The initial 100 tickets sold in a flash and another 100 soon followed. But the popularity didn’t end there, with up to 100 people tuning in live each week and each video achieving between 600-700 views.

In addition to the spinning of the prize wheel, those watching have been invited to guess the identity of the ‘guest lion’ of the week, which encourages – and generates – plenty of conversation.

“We dress up a past or present player or official in our mascot suit we have for the club and we start reading out stats about that person online. So no one knows who it is and we allow a few questions about them and the first person to guess it live wins the prize for the round,” Clinton said.

“Because it’s a live video feed they just type their guess in and it comes up in the comments… so as people are guessing we’re responding and giving them feedback, saying yay or nay or having a bit of a laugh. There are often some funny guesses in there.”

Among those to have donned the suit – in spirit rather than physically in recent weeks – are club trainer Danny Anderson, past player Adam Kennedy, netballer Carly Mullen-Bianconi, senior coach Lachlan Sim and popular clubman Martin Weir.

Filming initially took place at the clubrooms but later shifted to the home of club member Paul Walsh, who took on hosting duties during the stage three lockdown period.

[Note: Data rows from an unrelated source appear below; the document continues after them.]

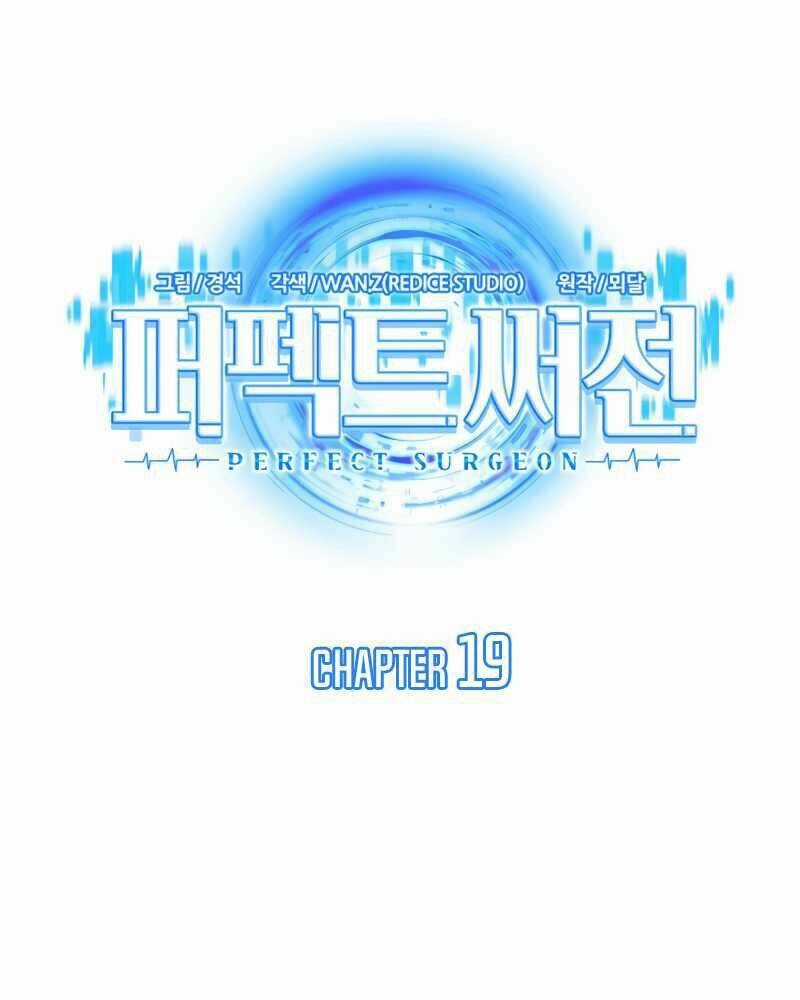 Bác Sĩ Phẫu Thuật Hoàn Hảo Chapter 19 trang 16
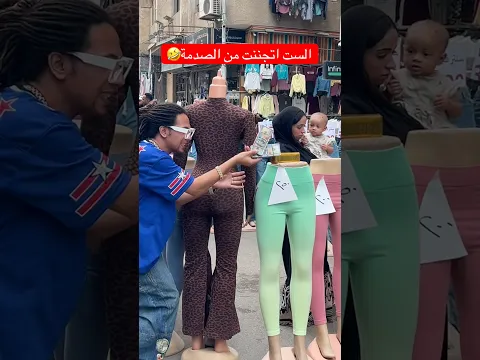اقوي مقلب في العالم هتفطس من كتر الضحك علي اللي حصل في الاخر🤣#مقلب #كوميدي #بودي_مارلي #ضحك #funny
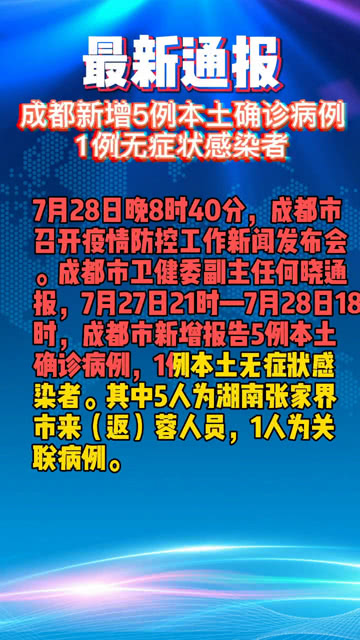 成都疫情最新通報，防控形勢與應對措施更新中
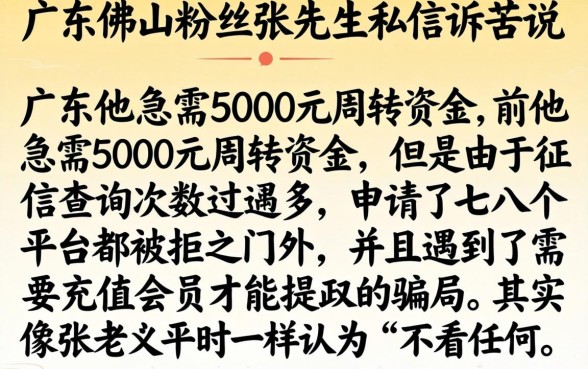 适合芝麻分的网贷，整合五个无视一切包下款5000秒下款的软件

The content has also evolved over time, including re-enactments of famous club moments and a gradually unveiled cartoon illustration of senior player Joel Bragagnolo as an adaptation of the guest lion.

 

Guess who: A cartoon impression of a senior footballer formed part of Moe FNC’s ‘guess the lion’ quiz.

 

Among those tuning in each week is netballer Elly Brown, who said the activities have helped fill the void of playing the sport she loves and the community interaction that comes with it.

“I look forward to it each week to join in and have a bit of a look at what’s going on. It’s a good way to keep people still involved when we can’t be there doing things physically,” Elly said.

“Mum and I bought a ticket for the spin of the wheel to go into the draw to win prizes each week… so we join in to have a look and see if hopefully our number is drawn and it’s just nice to be excited to think about who is going to be in the lion suit or whatever the quiz is for that week and we try to participate in that as well.”

While it all takes place online, the club has done its best to ensure as many people interested in the club as possible can be involved.

Clinton said the word has been shared through the club’s ‘Centurions’ network – a coterie group of older members, who receive information through email and the post, rather than social media – while the level of interest from the wider community had also been a pleasant surprise.

“I was showing a house to a lady in her mid-60s and she commented, ‘I’ve seen you on Thursday nights, I’ve been really enjoying it’, and she’s a just lady who has had involvement at the club plenty of years ago but not at the moment,” he said.

“People are loving it and just getting some old faces back involved and seeing some of the comments from interstate, people from all over Australia are watching it and getting involved, people that have moved away are still following the club on social media and sharing stories from decades gone by which has been great.”